BEGIN Data section

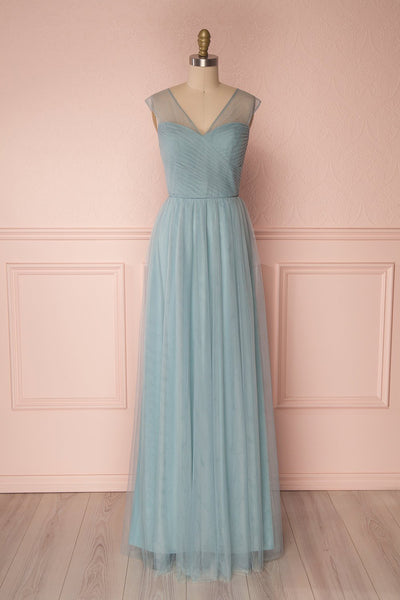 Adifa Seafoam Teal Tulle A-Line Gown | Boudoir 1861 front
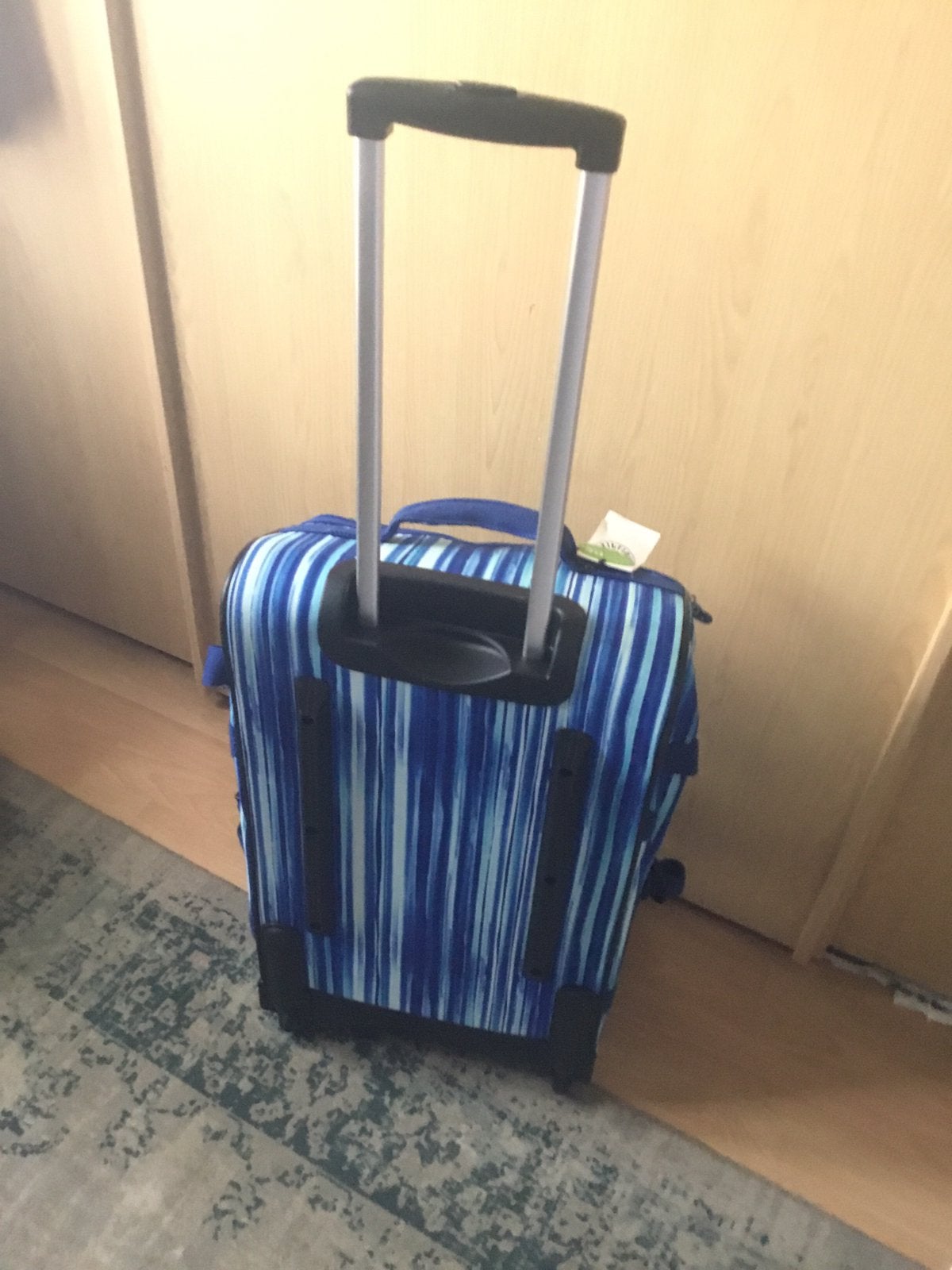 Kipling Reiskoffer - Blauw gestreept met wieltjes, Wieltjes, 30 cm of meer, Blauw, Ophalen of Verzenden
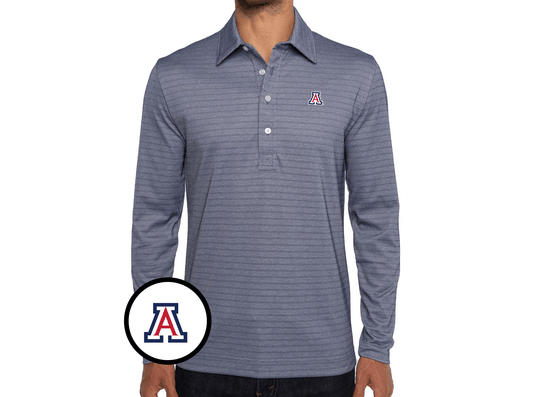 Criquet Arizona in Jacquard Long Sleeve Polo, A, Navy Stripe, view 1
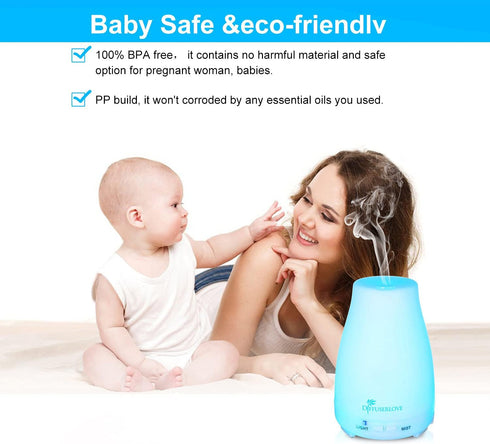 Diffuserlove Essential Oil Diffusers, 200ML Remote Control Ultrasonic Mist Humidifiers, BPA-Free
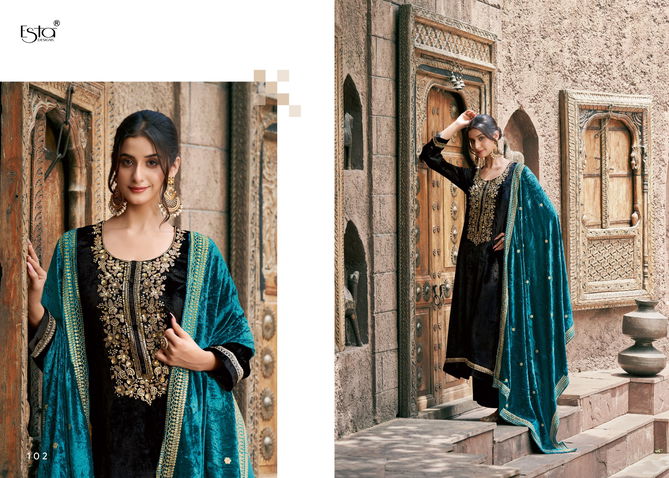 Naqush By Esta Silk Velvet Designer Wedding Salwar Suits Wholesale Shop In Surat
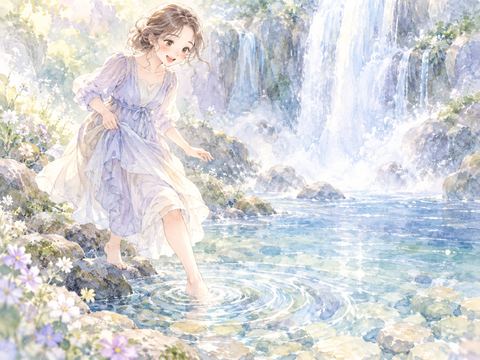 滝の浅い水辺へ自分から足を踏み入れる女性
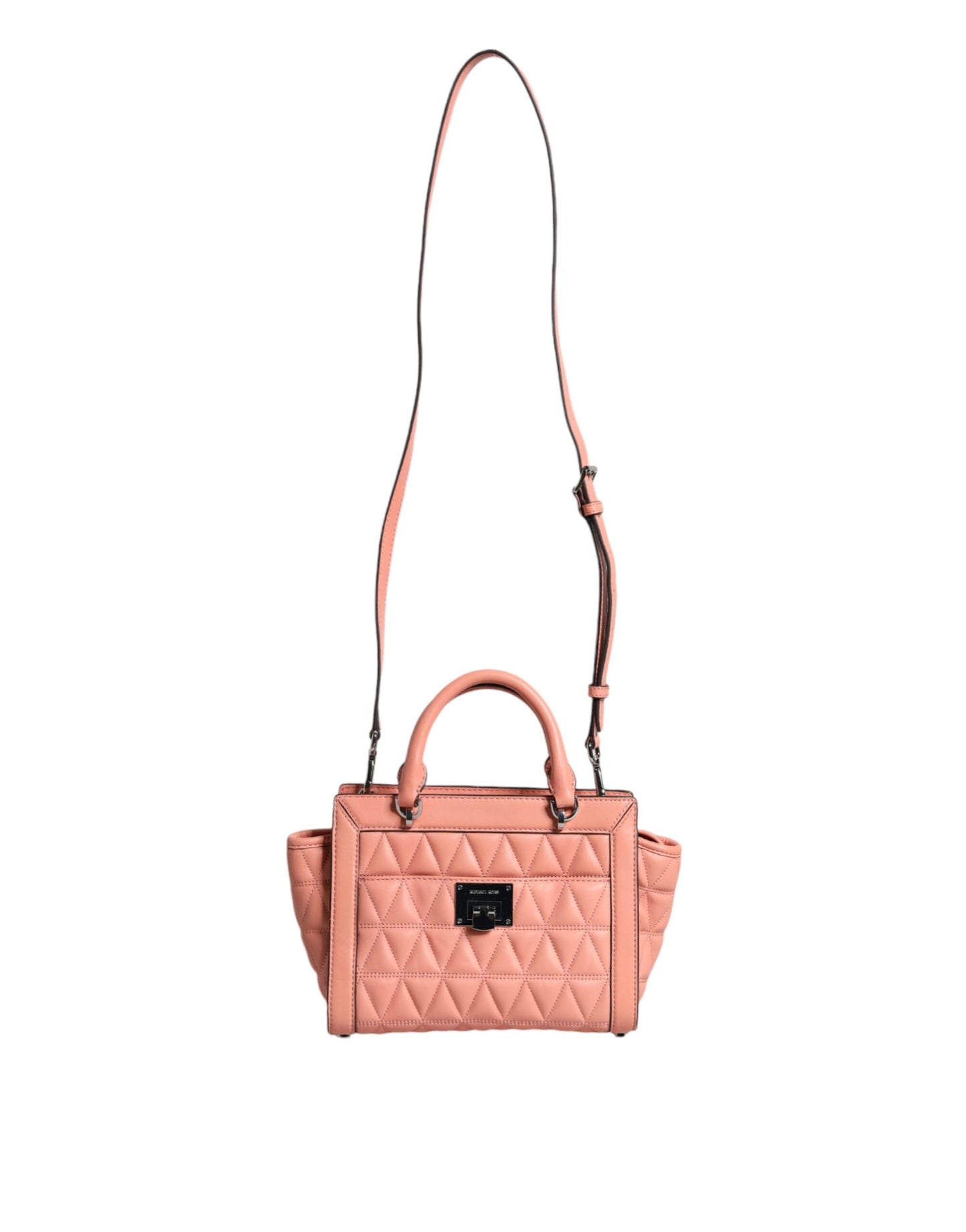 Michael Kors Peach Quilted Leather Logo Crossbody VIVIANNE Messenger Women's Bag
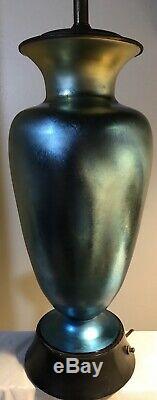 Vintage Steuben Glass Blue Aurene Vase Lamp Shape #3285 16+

END Data section

* Task
Output only the lines above from the line that holds "Kipling Reiskoffer - Blauw" through the line that holds "Diffuserlove Essential Oil", both ends included, and exclude pictures.

* Response for this exercise
 Kipling Reiskoffer - Blauw gestreept met wieltjes, Wieltjes, 30 cm of meer, Blauw, Ophalen of Verzenden
 Criquet Arizona in Jacquard Long Sleeve Polo, A, Navy Stripe, view 1
 Diffuserlove Essential Oil Diffusers, 200ML Remote Control Ultrasonic Mist Humidifiers, BPA-Free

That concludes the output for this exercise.